Wirkung viel nachhaltiger als viele annehmen

Hamburg (ams). Wenn man in diesem Jahr auf das ungewöhnlich aufwendige und ereignisreiche Jubiläum der Reformation zurückblickt, so ist es verführerisch für alle, die eine Publikationsaufgabe haben, es kritisch herabzuwürdigen. Denn es wirkt so schlau, wenn man etwas als unzureichend, unausgeglichen, tendenziös bewertet oder dem Aufwand unterstellt, es sei alles nur heiße Luft gewesen. Das wird den tatsächlichen Leistungen und Errungenschaften nicht gerecht.
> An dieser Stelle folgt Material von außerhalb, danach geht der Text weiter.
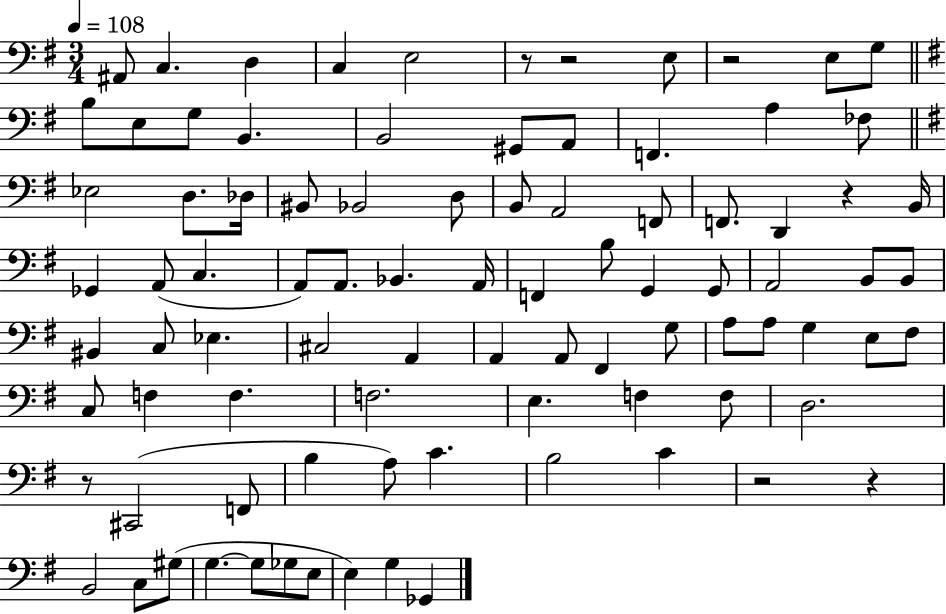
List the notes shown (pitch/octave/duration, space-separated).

A#2/e C3/q. D3/q C3/q E3/h R/e R/h E3/e R/h E3/e G3/e B3/e E3/e G3/e B2/q. B2/h G#2/e A2/e F2/q. A3/q FES3/e Eb3/h D3/e. Db3/s BIS2/e Bb2/h D3/e B2/e A2/h F2/e F2/e. D2/q R/q B2/s Gb2/q A2/e C3/q. A2/e A2/e. Bb2/q. A2/s F2/q B3/e G2/q G2/e A2/h B2/e B2/e BIS2/q C3/e Eb3/q. C#3/h A2/q A2/q A2/e F#2/q G3/e A3/e A3/e G3/q E3/e F#3/e C3/e F3/q F3/q. F3/h. E3/q. F3/q F3/e D3/h. R/e C#2/h F2/e B3/q A3/e C4/q. B3/h C4/q R/h R/q B2/h C3/e G#3/e G3/q. G3/e Gb3/e E3/e E3/q G3/q Gb2/q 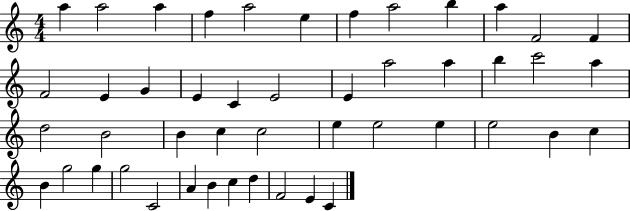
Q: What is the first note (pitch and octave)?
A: A5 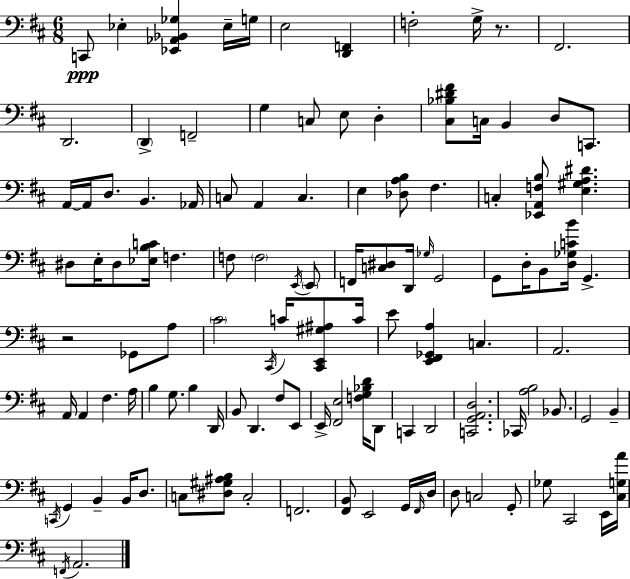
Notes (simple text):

C2/e Eb3/q [Eb2,Ab2,Bb2,Gb3]/q Eb3/s G3/s E3/h [D2,F2]/q F3/h G3/s R/e. F#2/h. D2/h. D2/q F2/h G3/q C3/e E3/e D3/q [C#3,Bb3,D#4,F#4]/e C3/s B2/q D3/e C2/e. A2/s A2/s D3/e. B2/q. Ab2/s C3/e A2/q C3/q. E3/q [Db3,A3,B3]/e F#3/q. C3/q [Eb2,A2,F3,B3]/e [E3,G#3,A3,D#4]/q. D#3/e E3/s D#3/e [Eb3,B3,C4]/s F3/q. F3/e F3/h E2/s E2/e F2/s [C3,D#3]/e D2/s Gb3/s G2/h G2/e D3/s B2/e [D3,Gb3,C4,B4]/s G2/q. R/h Gb2/e A3/e C#4/h C#2/s C4/s [C#2,E2,G#3,A#3]/e C4/s E4/e [E2,F#2,Gb2,A3]/q C3/q. A2/h. A2/s A2/q F#3/q. A3/s B3/q G3/e. B3/q D2/s B2/e D2/q. F#3/e E2/e E2/s [F#2,E3]/h [F3,G3,Bb3,D4]/s D2/e C2/q D2/h [C2,G2,A2,D3]/h. CES2/s [A3,B3]/h Bb2/e. G2/h B2/q C2/s G2/q B2/q B2/s D3/e. C3/e [D#3,G#3,A#3,B3]/e C3/h F2/h. [F#2,B2]/e E2/h G2/s F#2/s D3/s D3/e C3/h G2/e Gb3/e C#2/h E2/s [C#3,G3,A4]/s F2/s A2/h. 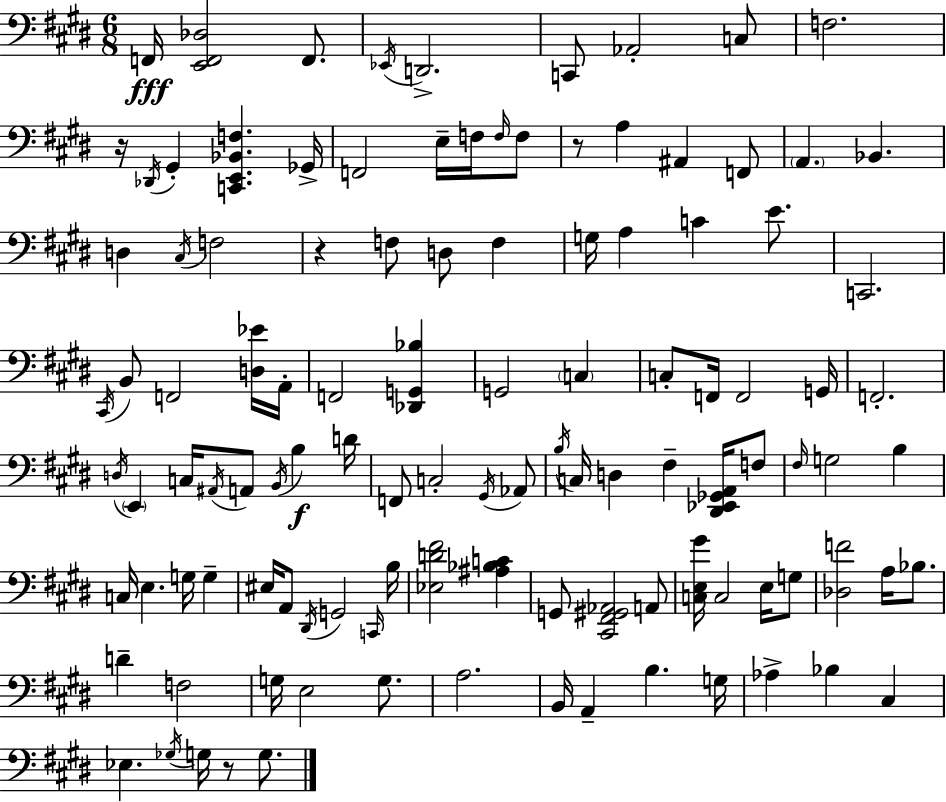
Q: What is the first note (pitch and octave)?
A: F2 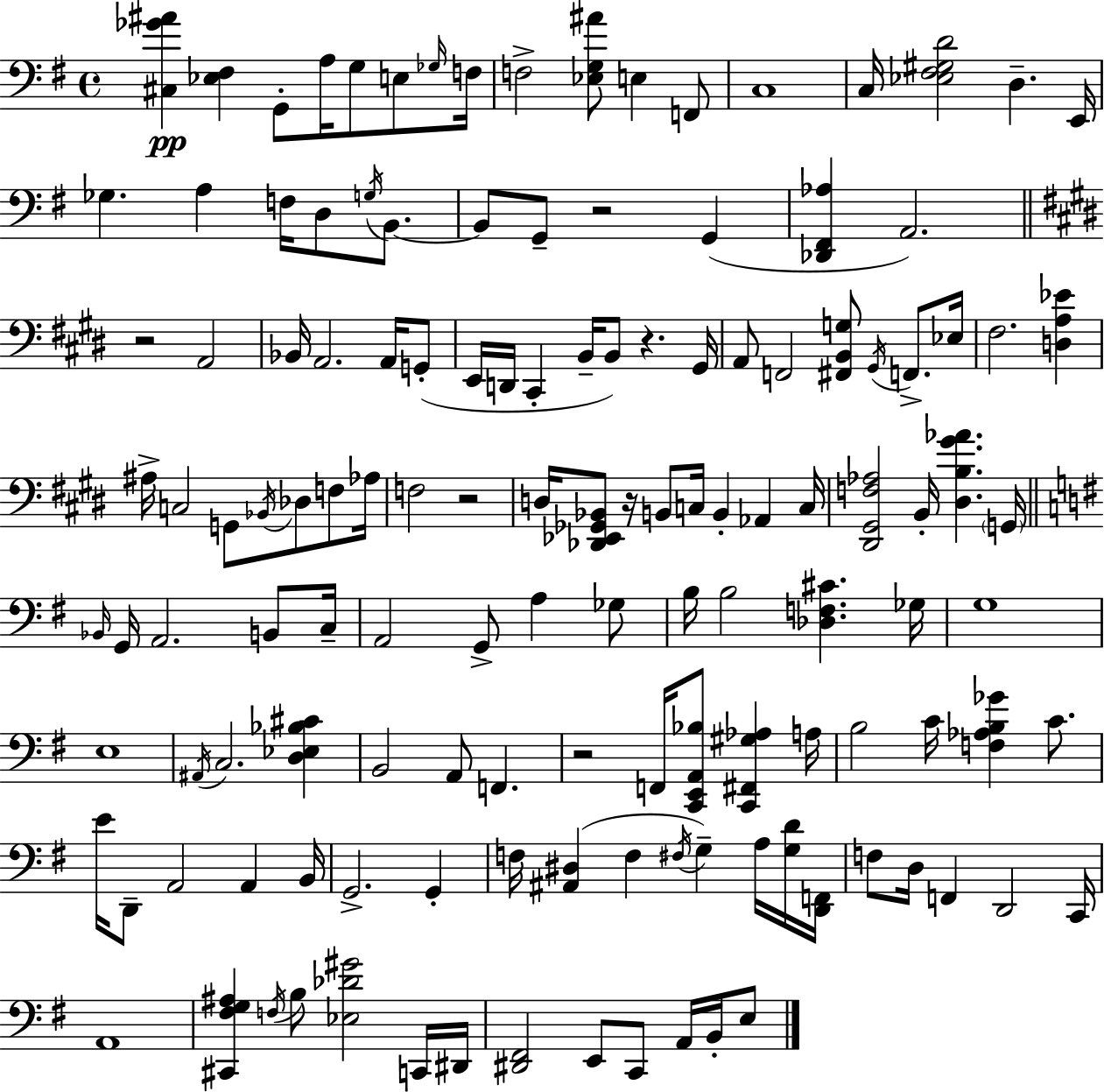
X:1
T:Untitled
M:4/4
L:1/4
K:G
[^C,_G^A] [_E,^F,] G,,/2 A,/4 G,/2 E,/2 _G,/4 F,/4 F,2 [_E,G,^A]/2 E, F,,/2 C,4 C,/4 [_E,^F,^G,D]2 D, E,,/4 _G, A, F,/4 D,/2 G,/4 B,,/2 B,,/2 G,,/2 z2 G,, [_D,,^F,,_A,] A,,2 z2 A,,2 _B,,/4 A,,2 A,,/4 G,,/2 E,,/4 D,,/4 ^C,, B,,/4 B,,/2 z ^G,,/4 A,,/2 F,,2 [^F,,B,,G,]/2 ^G,,/4 F,,/2 _E,/4 ^F,2 [D,A,_E] ^A,/4 C,2 G,,/2 _B,,/4 _D,/2 F,/2 _A,/4 F,2 z2 D,/4 [_D,,_E,,_G,,_B,,]/2 z/4 B,,/2 C,/4 B,, _A,, C,/4 [^D,,^G,,F,_A,]2 B,,/4 [^D,B,^G_A] G,,/4 _B,,/4 G,,/4 A,,2 B,,/2 C,/4 A,,2 G,,/2 A, _G,/2 B,/4 B,2 [_D,F,^C] _G,/4 G,4 E,4 ^A,,/4 C,2 [D,_E,_B,^C] B,,2 A,,/2 F,, z2 F,,/4 [C,,E,,A,,_B,]/2 [C,,^F,,^G,_A,] A,/4 B,2 C/4 [F,_A,B,_G] C/2 E/4 D,,/2 A,,2 A,, B,,/4 G,,2 G,, F,/4 [^A,,^D,] F, ^F,/4 G, A,/4 [G,D]/4 [D,,F,,]/4 F,/2 D,/4 F,, D,,2 C,,/4 A,,4 [^C,,^F,G,^A,] F,/4 B,/2 [_E,_D^G]2 C,,/4 ^D,,/4 [^D,,^F,,]2 E,,/2 C,,/2 A,,/4 B,,/4 E,/2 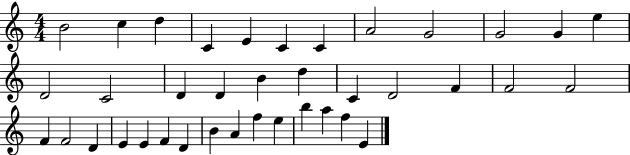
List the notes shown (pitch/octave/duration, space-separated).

B4/h C5/q D5/q C4/q E4/q C4/q C4/q A4/h G4/h G4/h G4/q E5/q D4/h C4/h D4/q D4/q B4/q D5/q C4/q D4/h F4/q F4/h F4/h F4/q F4/h D4/q E4/q E4/q F4/q D4/q B4/q A4/q F5/q E5/q B5/q A5/q F5/q E4/q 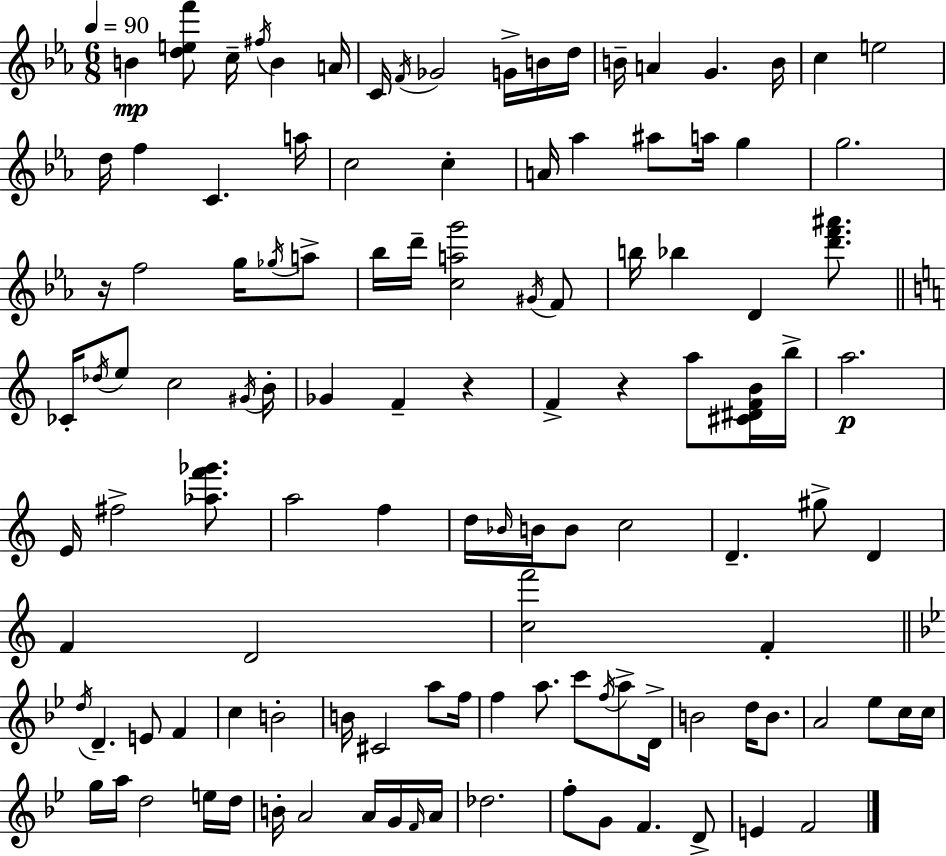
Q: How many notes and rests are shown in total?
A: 117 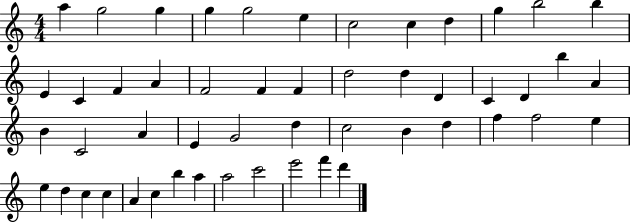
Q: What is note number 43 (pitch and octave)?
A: A4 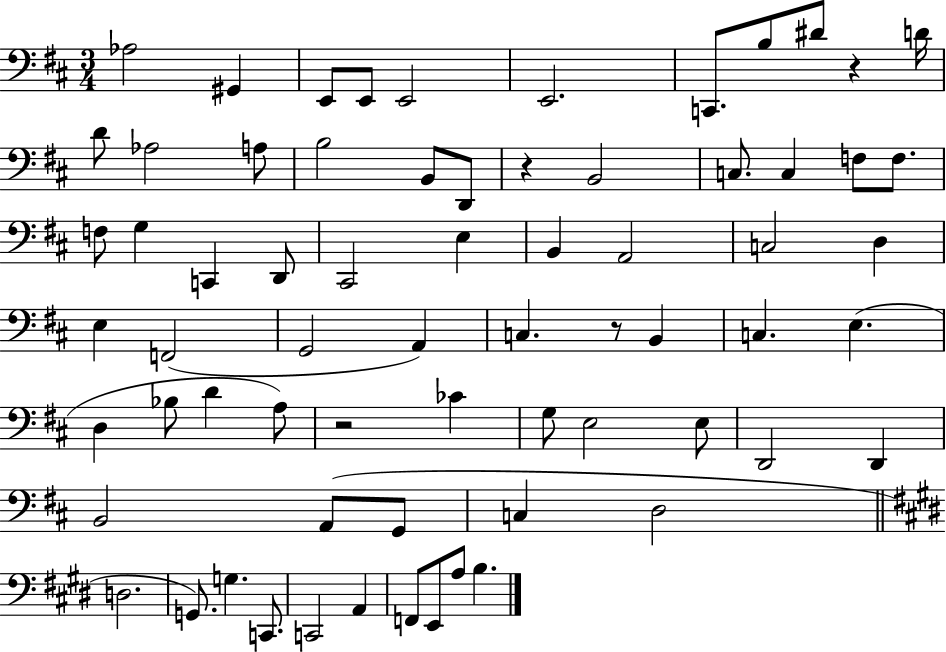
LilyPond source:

{
  \clef bass
  \numericTimeSignature
  \time 3/4
  \key d \major
  aes2 gis,4 | e,8 e,8 e,2 | e,2. | c,8. b8 dis'8 r4 d'16 | \break d'8 aes2 a8 | b2 b,8 d,8 | r4 b,2 | c8. c4 f8 f8. | \break f8 g4 c,4 d,8 | cis,2 e4 | b,4 a,2 | c2 d4 | \break e4 f,2( | g,2 a,4) | c4. r8 b,4 | c4. e4.( | \break d4 bes8 d'4 a8) | r2 ces'4 | g8 e2 e8 | d,2 d,4 | \break b,2 a,8( g,8 | c4 d2 | \bar "||" \break \key e \major d2. | g,8.) g4. c,8. | c,2 a,4 | f,8 e,8 a8 b4. | \break \bar "|."
}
Ja, es gab geschmacklose Luther-Postkarten oder alberne Reformations-Speisen, aber die herrschten keineswegs vor und waren außerdem auffällig in ihrer Plattheit. Ja, es gab volle Veranstaltungen und Gedränge in Museen und Ausstellungen, aber das war ja Ausdruck des gerechtfertigten Interesses in der Bevölkerung, sich besser kundig zu machen. Das Reformationsjubiläum hat viel mehr auf Dauer hinterlassen und nachhaltige Anstöße gegeben. Das kann jeder bestätigen, der mehrere Bauten, Ausstellungen oder Konferenzen im Bundesgebiet besucht hat.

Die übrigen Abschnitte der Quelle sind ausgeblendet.